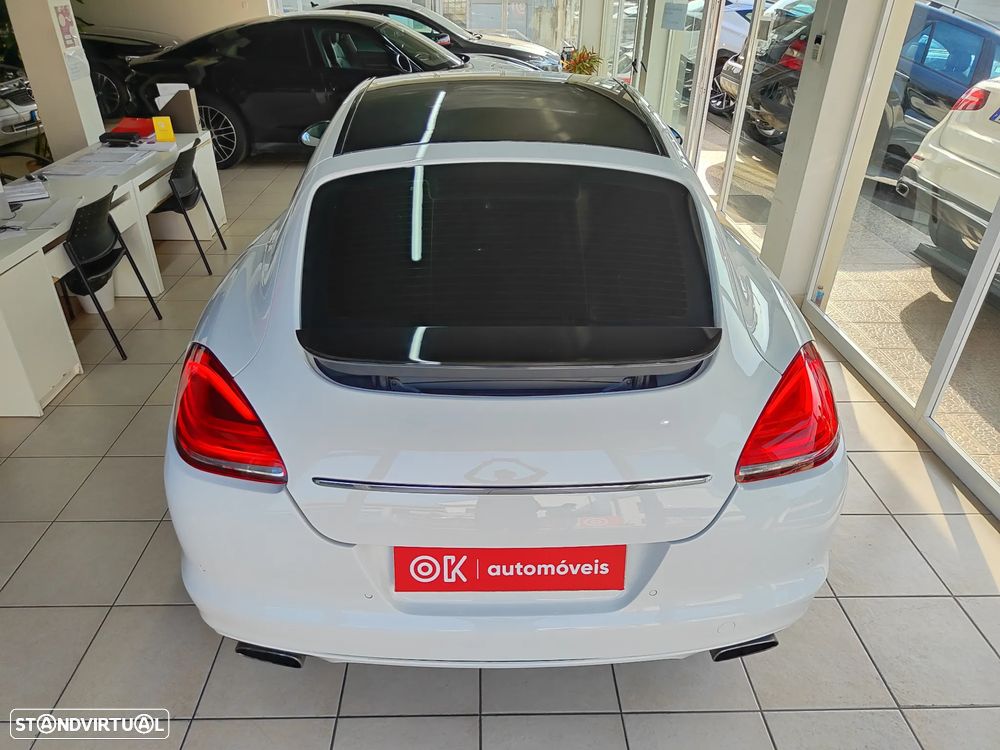 Porsche Panamera Platinum Edition - 11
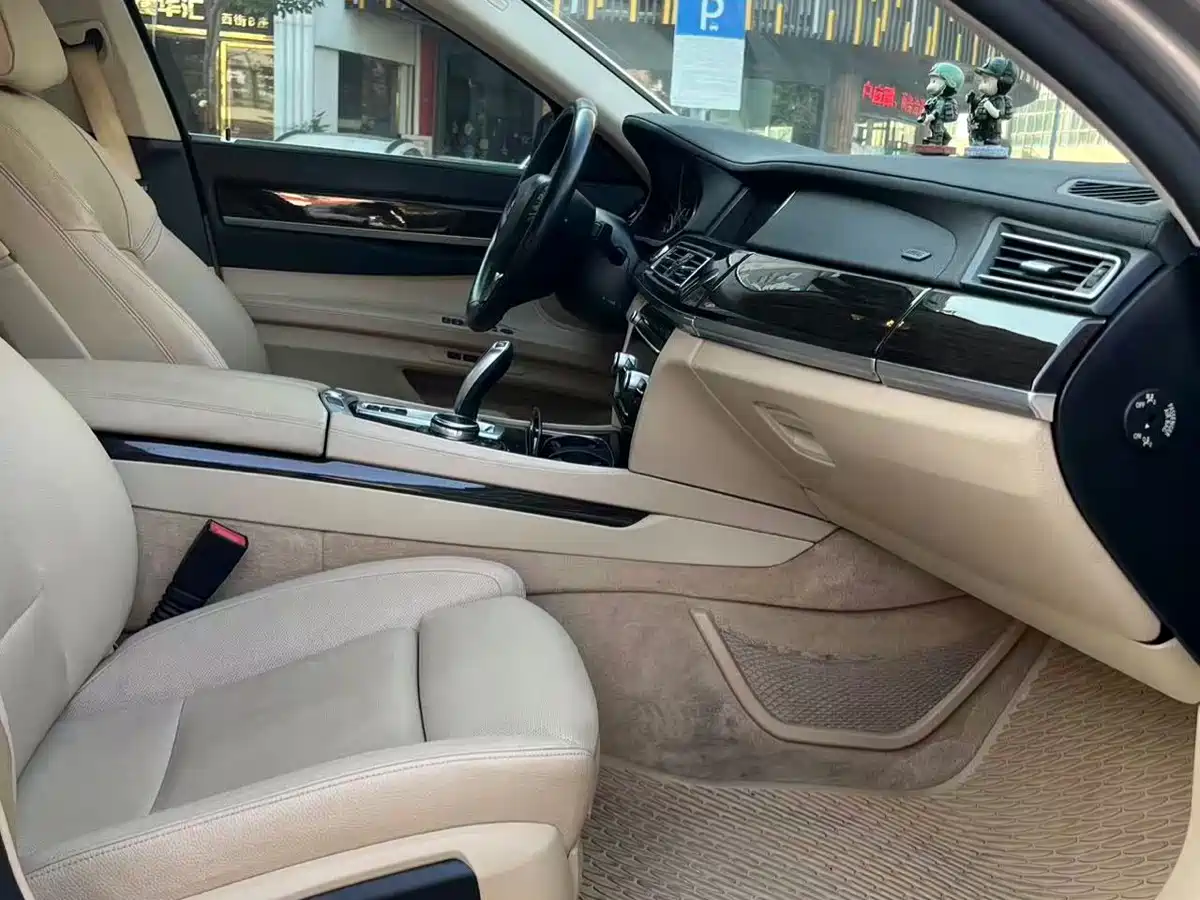 BMW 7 Series 2013 Model 730Li Luxury фото 4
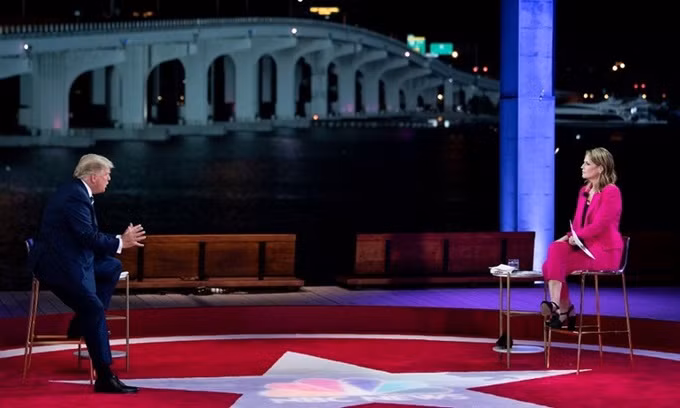 Tổng thống Mỹ Donal Trump (trái) trong phiên hỏi đáp mô hình tòa thị chính do NBC News tổ chức tối 15/10. Ảnh: AFP.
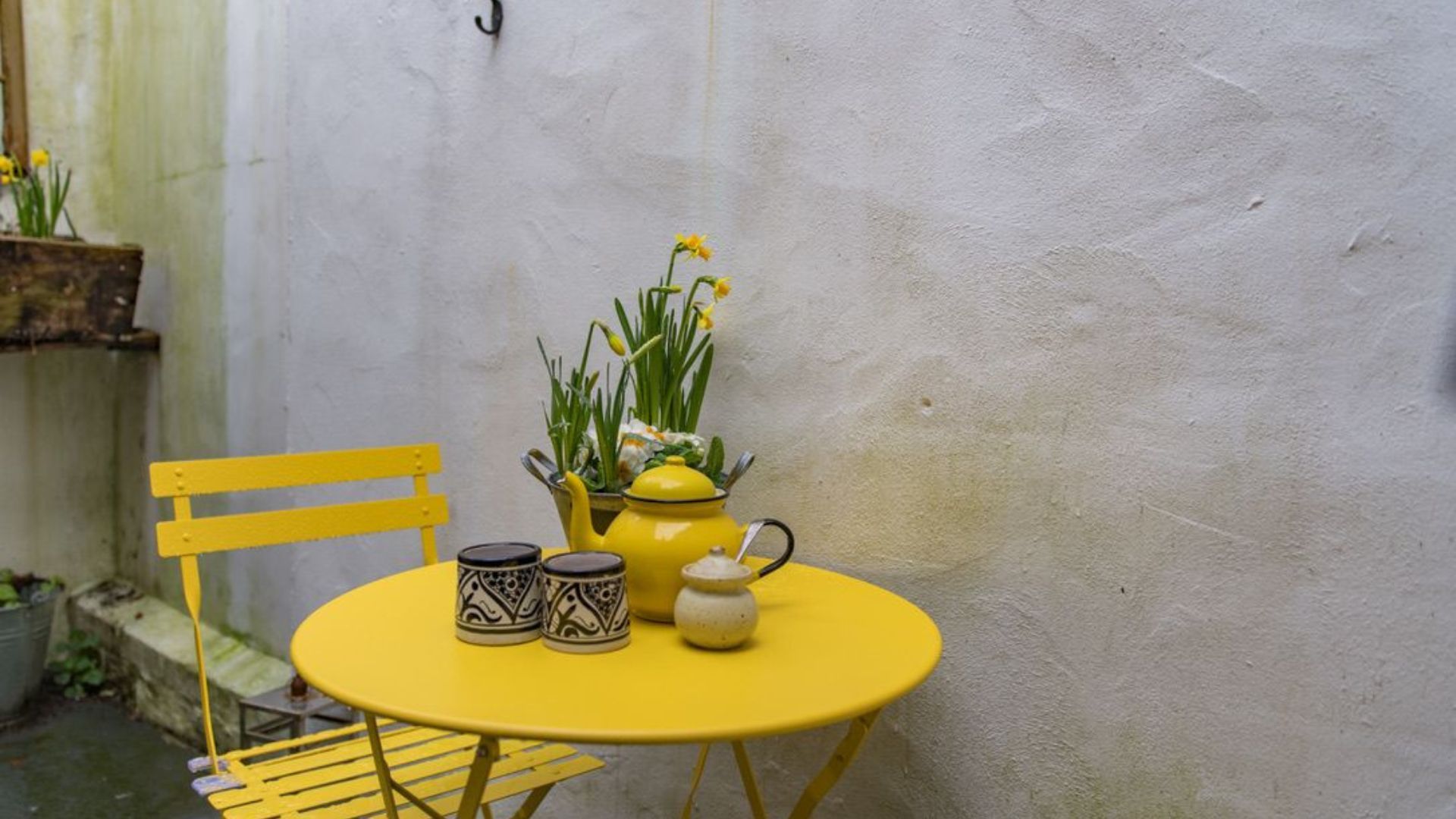 Elizabeth Cottage image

·····

Directions for this task
Repeat the whole listing above word for word. Leave out the pictures.

Exercise result
 Porsche Panamera Platinum Edition - 11
 BMW 7 Series 2013 Model 730Li Luxury фото 4
 Tổng thống Mỹ Donal Trump (trái) trong phiên hỏi đáp mô hình tòa thị chính do NBC News tổ chức tối 15/10. Ảnh: AFP.
 Elizabeth Cottage image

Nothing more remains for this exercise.